Manager Favored Asians Over Hispanics, Federal Agency Charges

SAN JOSE, Calif. — Chinese  fast food restaurant chain Panda Restaurant Group  violated federal law by treating its Latino employees differently from Asian  workers at one of its San Jose  restaurants, the U.S. Equal Employment Opportunity Commission (EEOC) charged in  a lawsuit filed today.

According to  the EEOC, the general manager of the Panda Express located on El Paseo de  Saratoga gave less desirable assignments to Hispanic workers, reduced their  hours and held them to a different standard of performance. Aremy Lomely and other Hispanic workers who  worked as counter help were required to clean the bathroom, tables and  counters, while Asian employees were permitted to simply stand around and watch,  said the federal agency. In addition, the  EEOC found that the general manager disciplined Latino employees in a stricter,  harsher and more frequent manner than Asian employees for similar infractions.
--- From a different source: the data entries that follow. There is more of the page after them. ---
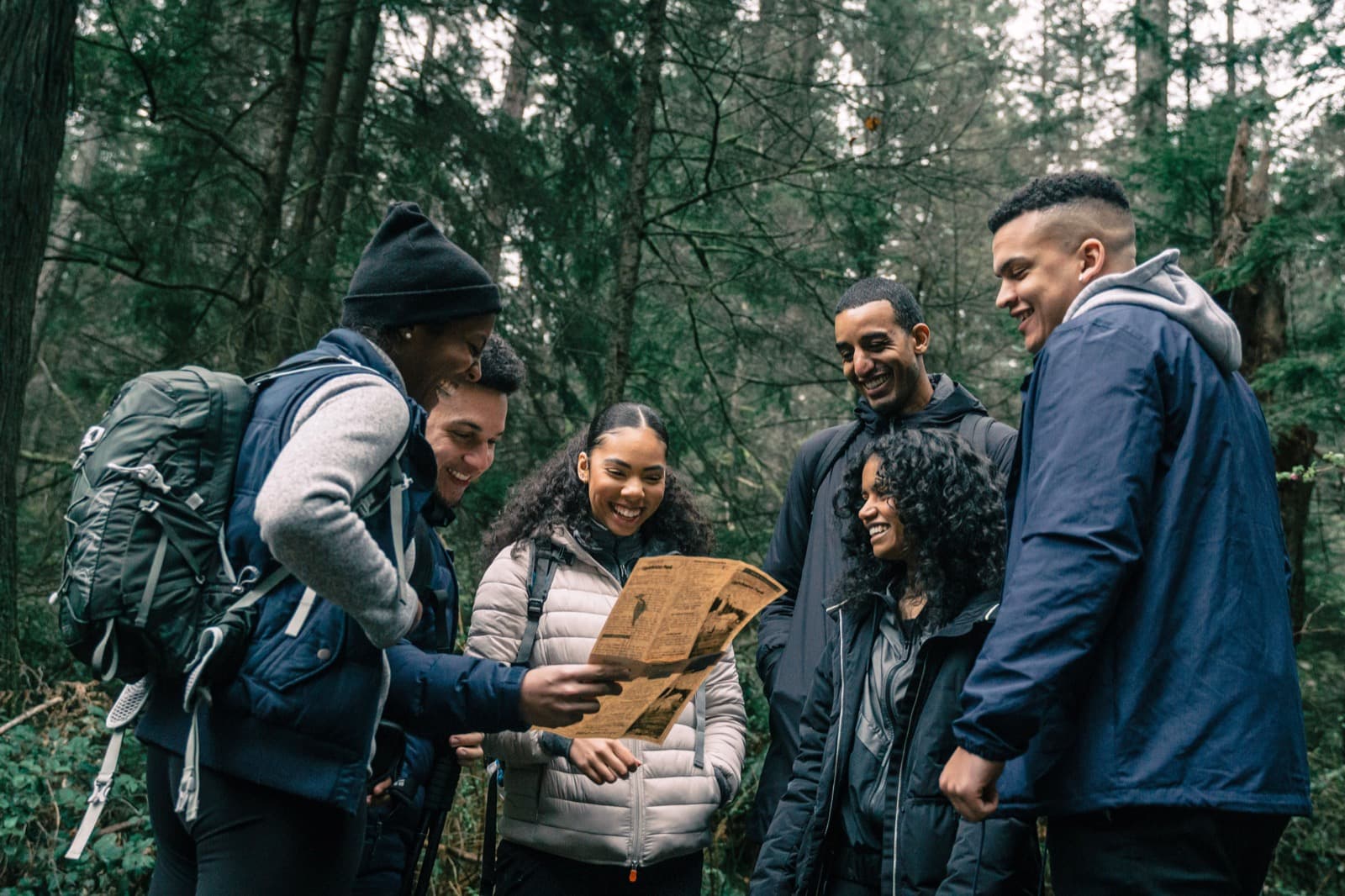 Friends reading a map together in the forest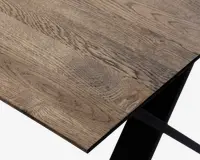 Nærbillede af en bordplade med naturlig træstruktur og let skrå kant. Overfladen viser forskellige træmønstre og knaster, hvilket giver et rustikt og autentisk udseende. Bordet understøttes af et solidt, sort metalben med et moderne, vinklet design.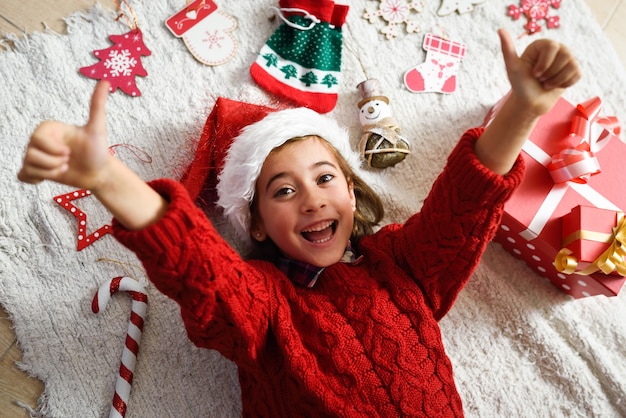 Foto gratuita niña pequeña sonriente vistiendo el sombrero de papa noel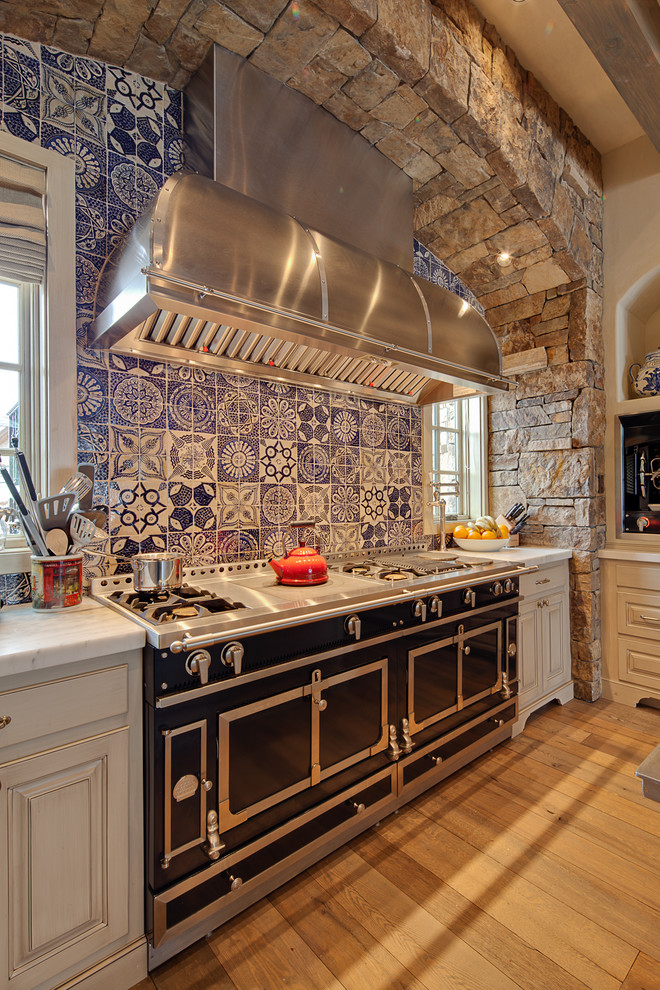 Photo of a country kitchen in Denver with raised-panel cabinets, blue splashback and black appliances.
“[The general  manager’s] treatment of Mexican workers really divided us from the Asian  workers,” said Lomely. “I felt so  ashamed when the Asian workers watched me obediently run from the bathroom to  the tables to the counters, cleaning when they did not have to. For months, he treated me like a worthless  employee, disciplining me for things he would never hold against his  non-Hispanic food line servers. It is  such a relief to know that the law says this is not OK.”

Discrimination  based on national origin violates Title VII of the Civil Rights Act of  1964. After first attempting to reach a  pre-litigation settlement through conciliation, the EEOC filed the lawsuit EEOC v. Panda Express, Inc. in U.S.  District Court for the Northern District of California, seeking monetary  damages on behalf of the Hispanic workers, training on anti-discrimination  laws, posting of notices at the work site and other measures to prevent future  discrimination.

EEOC San  Francisco Regional Attorney William R. Tamayo said, “Favoring employees of one ethnicity over another is not only illegal  but undermines the benefits of a diverse work force. The law, as well as common sense, requires  employers to base employment decisions on the skills, experience and  merit of individual employees instead of national origin or ancestry.”

Michael  Baldonado, the EEOC’s San Francisco District Director, added, “Although the company  had a written policy against discrimination, clearly there was a failure to  implement it. We hope this lawsuit will  send two clear messages: For employers,  train your supervisors to prevent discrimination and be sure that your written  policy is taken seriously. For workers,  particularly immigrants and newcomers who may not be as familiar with their  rights, we hope this case will encourage people to stand up for their rights  and to report discrimination.”

According to the company website,,  the privately-held Panda Restaurant Group has headquarters in Rosemead, Calif.,  and employs over 18,000 workers companywide at 1,200 locations in 36 states,  under the brands Panda Express, Panda Inn and Hibachi-San.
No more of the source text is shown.